WHAT THIS TASK INVOLVES: If a line in the data below includes the string "Blue", please return a copy of it.

Brief descriptive captions:

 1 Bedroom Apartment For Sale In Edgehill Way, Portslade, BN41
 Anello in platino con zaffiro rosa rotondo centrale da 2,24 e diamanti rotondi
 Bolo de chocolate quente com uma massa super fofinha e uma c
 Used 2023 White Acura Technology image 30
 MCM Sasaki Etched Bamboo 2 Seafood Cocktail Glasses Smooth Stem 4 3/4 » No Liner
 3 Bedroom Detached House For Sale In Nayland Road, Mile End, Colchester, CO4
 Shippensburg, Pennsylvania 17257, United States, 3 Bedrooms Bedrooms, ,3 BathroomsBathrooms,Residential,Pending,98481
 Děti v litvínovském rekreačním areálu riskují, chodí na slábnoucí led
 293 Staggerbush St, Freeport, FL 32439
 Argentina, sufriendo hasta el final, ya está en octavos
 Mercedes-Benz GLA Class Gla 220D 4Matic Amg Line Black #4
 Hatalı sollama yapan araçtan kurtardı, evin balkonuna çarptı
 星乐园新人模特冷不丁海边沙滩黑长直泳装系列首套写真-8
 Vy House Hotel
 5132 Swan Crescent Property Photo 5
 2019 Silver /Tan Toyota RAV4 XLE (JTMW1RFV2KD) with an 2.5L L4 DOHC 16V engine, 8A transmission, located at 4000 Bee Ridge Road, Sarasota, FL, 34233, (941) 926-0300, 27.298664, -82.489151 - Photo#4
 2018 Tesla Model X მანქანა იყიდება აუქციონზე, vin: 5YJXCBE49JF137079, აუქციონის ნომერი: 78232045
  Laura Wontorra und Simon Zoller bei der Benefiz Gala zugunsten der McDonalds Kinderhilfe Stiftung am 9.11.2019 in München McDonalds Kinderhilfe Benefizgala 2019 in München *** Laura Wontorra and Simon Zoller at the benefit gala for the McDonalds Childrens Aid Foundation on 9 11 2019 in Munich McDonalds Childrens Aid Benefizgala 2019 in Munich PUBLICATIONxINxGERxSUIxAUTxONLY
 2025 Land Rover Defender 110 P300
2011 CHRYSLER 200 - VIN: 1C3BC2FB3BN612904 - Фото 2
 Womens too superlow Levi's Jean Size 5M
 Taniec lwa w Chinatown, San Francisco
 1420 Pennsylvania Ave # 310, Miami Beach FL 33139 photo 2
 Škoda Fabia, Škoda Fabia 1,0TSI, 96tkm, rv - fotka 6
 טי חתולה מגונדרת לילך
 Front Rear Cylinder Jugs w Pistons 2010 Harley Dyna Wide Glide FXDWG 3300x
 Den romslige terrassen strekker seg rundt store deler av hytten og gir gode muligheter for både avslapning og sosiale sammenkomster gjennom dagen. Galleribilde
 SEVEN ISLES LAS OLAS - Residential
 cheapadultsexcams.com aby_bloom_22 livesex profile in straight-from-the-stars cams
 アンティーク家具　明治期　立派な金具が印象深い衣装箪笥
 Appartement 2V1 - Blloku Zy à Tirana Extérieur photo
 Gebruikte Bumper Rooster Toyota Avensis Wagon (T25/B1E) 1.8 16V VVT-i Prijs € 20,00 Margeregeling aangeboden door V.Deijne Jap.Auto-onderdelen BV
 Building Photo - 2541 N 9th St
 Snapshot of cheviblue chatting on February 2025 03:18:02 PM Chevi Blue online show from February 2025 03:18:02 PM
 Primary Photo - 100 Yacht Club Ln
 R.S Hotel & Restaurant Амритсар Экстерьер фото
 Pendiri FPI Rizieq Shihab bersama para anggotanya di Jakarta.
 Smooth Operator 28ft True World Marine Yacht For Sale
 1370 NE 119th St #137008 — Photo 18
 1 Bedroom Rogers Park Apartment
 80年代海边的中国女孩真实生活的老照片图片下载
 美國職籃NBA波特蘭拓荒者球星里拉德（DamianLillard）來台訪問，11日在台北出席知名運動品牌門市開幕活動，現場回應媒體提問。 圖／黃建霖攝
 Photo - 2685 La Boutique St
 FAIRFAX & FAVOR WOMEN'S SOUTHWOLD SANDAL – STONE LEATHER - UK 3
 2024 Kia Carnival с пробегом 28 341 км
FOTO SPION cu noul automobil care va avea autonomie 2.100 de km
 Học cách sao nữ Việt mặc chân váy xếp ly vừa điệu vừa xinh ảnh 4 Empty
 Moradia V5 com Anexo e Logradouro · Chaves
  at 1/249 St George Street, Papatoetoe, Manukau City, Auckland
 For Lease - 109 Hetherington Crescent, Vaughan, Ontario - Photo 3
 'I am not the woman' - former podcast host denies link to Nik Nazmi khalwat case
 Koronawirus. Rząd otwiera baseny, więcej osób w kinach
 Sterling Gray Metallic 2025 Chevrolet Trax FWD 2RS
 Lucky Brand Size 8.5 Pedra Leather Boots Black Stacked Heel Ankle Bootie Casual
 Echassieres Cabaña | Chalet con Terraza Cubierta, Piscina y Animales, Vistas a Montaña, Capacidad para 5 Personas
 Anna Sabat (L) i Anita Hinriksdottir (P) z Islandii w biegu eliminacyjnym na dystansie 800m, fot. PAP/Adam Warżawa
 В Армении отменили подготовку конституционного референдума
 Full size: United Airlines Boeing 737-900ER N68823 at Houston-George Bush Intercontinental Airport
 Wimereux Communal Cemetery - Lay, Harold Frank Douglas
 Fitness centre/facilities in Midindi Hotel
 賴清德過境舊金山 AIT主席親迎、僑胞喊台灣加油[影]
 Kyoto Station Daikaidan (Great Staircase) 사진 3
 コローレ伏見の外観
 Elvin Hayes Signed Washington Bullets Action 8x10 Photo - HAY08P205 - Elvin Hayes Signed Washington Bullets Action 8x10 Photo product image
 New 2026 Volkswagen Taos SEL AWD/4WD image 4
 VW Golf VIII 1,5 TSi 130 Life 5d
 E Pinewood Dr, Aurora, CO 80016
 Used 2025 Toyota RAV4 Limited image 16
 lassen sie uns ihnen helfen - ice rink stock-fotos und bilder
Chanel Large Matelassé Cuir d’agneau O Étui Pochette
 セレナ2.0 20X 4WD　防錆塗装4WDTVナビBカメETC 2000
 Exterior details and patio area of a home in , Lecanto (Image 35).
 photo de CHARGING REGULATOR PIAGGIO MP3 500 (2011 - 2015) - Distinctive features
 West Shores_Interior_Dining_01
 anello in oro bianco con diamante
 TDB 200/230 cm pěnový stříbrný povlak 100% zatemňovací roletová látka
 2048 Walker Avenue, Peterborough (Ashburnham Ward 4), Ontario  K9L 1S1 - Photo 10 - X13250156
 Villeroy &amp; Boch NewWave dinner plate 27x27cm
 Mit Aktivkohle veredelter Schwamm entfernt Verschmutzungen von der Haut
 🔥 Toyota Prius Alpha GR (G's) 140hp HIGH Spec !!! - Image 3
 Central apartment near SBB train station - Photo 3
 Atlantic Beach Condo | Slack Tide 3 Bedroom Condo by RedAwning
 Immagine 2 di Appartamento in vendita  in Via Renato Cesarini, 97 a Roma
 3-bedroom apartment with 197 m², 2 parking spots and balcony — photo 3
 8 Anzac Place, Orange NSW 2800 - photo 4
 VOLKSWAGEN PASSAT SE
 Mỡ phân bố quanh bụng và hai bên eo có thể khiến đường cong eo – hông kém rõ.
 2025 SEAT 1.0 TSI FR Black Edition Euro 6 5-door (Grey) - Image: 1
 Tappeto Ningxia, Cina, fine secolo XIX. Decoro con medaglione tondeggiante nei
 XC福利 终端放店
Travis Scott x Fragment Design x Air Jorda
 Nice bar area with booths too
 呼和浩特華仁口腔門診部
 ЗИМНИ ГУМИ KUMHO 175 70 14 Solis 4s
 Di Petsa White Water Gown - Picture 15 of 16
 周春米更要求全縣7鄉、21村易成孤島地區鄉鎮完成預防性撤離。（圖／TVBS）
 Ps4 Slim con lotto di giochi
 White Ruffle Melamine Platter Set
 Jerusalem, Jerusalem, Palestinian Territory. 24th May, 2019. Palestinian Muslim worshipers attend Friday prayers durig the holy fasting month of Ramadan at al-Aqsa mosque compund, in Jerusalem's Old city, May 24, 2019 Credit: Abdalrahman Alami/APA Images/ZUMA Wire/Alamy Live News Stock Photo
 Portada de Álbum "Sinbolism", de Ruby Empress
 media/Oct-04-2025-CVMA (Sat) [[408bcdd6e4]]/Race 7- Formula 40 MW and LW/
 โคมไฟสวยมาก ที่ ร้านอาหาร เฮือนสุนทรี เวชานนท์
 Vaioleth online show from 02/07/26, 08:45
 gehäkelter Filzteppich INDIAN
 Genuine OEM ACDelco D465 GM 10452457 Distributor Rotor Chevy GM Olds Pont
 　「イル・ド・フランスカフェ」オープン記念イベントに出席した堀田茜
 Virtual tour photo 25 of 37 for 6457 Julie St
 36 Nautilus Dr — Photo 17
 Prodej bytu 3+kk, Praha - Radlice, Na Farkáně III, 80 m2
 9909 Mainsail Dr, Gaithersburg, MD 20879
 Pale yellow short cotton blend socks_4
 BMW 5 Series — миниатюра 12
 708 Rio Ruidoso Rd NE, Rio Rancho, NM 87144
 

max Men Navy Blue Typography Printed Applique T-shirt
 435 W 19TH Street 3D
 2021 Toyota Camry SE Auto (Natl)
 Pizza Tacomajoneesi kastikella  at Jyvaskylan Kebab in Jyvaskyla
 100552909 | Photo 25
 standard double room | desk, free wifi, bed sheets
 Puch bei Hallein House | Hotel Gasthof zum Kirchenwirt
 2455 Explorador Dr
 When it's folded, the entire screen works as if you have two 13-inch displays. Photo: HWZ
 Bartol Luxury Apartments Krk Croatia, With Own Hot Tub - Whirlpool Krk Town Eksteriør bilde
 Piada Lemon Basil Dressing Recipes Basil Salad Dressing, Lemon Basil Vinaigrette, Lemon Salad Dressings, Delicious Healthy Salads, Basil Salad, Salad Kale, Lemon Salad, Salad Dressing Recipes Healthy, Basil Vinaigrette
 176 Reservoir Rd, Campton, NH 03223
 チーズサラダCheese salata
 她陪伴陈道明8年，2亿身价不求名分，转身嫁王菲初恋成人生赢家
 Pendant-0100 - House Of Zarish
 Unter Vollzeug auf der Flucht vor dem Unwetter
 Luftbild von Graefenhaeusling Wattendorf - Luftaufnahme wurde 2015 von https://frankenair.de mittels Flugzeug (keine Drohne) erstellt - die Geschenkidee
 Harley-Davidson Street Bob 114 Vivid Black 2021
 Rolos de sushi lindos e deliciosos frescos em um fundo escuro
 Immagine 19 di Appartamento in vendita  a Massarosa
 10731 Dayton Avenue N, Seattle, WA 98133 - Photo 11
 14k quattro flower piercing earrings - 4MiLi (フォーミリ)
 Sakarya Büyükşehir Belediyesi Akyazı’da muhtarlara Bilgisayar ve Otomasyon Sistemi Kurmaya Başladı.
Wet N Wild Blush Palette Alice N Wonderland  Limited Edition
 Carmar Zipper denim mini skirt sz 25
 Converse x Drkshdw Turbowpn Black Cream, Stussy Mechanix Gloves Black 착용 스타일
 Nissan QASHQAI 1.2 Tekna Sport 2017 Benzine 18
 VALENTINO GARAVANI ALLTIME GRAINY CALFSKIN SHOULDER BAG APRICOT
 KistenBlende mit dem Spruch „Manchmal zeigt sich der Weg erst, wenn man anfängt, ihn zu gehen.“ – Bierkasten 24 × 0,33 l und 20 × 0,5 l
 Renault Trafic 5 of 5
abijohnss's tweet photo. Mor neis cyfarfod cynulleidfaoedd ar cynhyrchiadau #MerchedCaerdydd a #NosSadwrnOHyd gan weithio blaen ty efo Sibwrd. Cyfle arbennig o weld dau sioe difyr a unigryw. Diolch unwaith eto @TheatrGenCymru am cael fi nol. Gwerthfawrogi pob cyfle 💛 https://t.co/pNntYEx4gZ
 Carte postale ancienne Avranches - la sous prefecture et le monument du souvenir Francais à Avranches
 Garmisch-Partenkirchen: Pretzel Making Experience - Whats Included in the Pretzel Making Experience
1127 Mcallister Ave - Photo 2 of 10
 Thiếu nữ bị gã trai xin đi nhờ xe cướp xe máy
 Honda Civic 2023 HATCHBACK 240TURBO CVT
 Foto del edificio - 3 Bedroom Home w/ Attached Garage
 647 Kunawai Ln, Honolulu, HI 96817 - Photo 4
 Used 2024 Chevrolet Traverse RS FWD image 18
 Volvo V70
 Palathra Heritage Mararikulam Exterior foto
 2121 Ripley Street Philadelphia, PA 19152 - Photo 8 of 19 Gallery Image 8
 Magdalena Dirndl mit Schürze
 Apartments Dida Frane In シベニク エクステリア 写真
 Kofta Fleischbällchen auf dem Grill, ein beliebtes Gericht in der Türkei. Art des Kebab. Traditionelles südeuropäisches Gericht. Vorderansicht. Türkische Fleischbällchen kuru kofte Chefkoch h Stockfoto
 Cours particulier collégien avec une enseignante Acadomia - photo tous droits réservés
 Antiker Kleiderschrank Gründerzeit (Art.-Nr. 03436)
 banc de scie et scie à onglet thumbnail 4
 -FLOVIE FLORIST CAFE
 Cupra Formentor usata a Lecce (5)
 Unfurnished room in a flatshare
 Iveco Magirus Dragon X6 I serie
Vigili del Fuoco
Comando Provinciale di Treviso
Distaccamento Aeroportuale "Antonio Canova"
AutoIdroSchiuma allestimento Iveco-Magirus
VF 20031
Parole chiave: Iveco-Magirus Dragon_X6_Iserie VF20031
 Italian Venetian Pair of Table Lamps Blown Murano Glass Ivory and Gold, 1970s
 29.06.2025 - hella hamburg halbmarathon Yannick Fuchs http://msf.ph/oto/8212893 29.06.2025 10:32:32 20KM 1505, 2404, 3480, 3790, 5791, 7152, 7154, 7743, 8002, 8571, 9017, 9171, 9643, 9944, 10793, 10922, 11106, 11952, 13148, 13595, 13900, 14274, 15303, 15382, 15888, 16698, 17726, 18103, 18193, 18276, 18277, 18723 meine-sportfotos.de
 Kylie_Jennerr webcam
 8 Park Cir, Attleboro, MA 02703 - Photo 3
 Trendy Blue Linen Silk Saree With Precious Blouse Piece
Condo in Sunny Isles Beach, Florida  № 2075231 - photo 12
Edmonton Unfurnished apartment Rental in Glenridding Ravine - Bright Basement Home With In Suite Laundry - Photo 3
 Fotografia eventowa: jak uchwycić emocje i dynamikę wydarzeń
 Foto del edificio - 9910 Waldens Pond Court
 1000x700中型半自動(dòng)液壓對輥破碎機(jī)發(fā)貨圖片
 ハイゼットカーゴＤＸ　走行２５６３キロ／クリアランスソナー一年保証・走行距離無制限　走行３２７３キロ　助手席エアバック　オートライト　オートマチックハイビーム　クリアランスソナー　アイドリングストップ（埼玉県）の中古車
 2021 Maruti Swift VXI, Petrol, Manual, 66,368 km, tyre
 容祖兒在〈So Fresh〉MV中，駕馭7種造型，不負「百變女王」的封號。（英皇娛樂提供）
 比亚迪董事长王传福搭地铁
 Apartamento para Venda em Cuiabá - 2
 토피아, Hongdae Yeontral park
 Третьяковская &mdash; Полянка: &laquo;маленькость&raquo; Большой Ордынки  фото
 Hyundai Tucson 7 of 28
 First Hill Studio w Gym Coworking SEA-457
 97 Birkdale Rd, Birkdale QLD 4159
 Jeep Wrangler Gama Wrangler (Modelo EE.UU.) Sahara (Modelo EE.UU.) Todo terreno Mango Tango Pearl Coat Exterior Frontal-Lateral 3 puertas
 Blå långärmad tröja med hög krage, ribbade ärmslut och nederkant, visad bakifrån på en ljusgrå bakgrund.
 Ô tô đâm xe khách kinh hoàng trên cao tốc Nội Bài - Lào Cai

TASK ANSWER:
 Snapshot of cheviblue chatting on February 2025 03:18:02 PM Chevi Blue online show from February 2025 03:18:02 PM
max Men Navy Blue Typography Printed Applique T-shirt
 Trendy Blue Linen Silk Saree With Precious Blouse Piece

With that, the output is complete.